Cloud Atlas was the best film of 2012. It was and remains a misunderstood masterpiece that, in time, will be turned into the cinematic classic its ambitions aimed for. Working together, the Wachowskis and Tykwer have taken the complicated novel by David Mitchell and fashioned it into a genre-crossing complication of individual movie archetypes (the period piece, the future shock, the ’70s activist, the ’80s British comedy of manners) that meld together to form one emotional and entertainment epiphany after the other. The result is a remarkable, complicated experience. On the one hand you marvel at the meticulous moviemaking acumen at play. On the other, you’re stunned by how prescient it ends up being.
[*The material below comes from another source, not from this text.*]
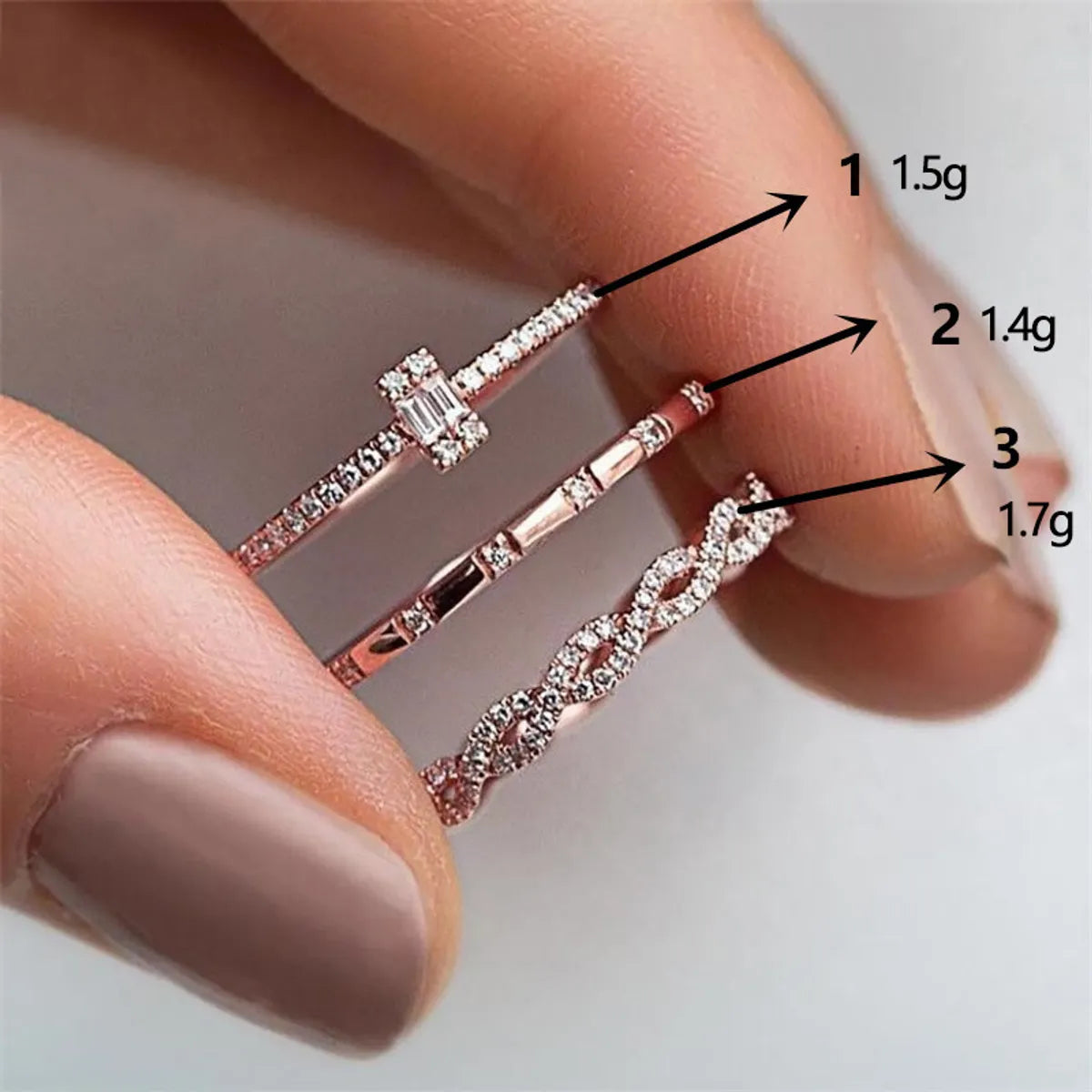 New Fashion Zircon Creative Cross Copper Fine Ring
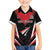 Custom Trinidad And Tobago Cricket Family Matching Off The Shoulder Long Sleeve Dress and Hawaiian Shirt Go Red Force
This is an unbridled success, a spectacular expression of the spirit of mankind synthesized into a storyline that ties seemingly divergent elements together in graceful, elegant ways. Music makes Berry’s character continue her probe of Grant, while a clone’s cobbled-together memories of a bawdy publisher’s problems become the foundation for a far off distant faith. Elements in the past play heavily in arenas in the present, while small asides add up to big payoffs in the end. This is what film as an artform is about — the transportation of the audience to somewhere they’ve never been, to see things they never would normally experience. While it doesn’t always work flawlessly, it does consistently amaze, turning the title into a map of everyone’s interwoven experiences. It’s a true gem.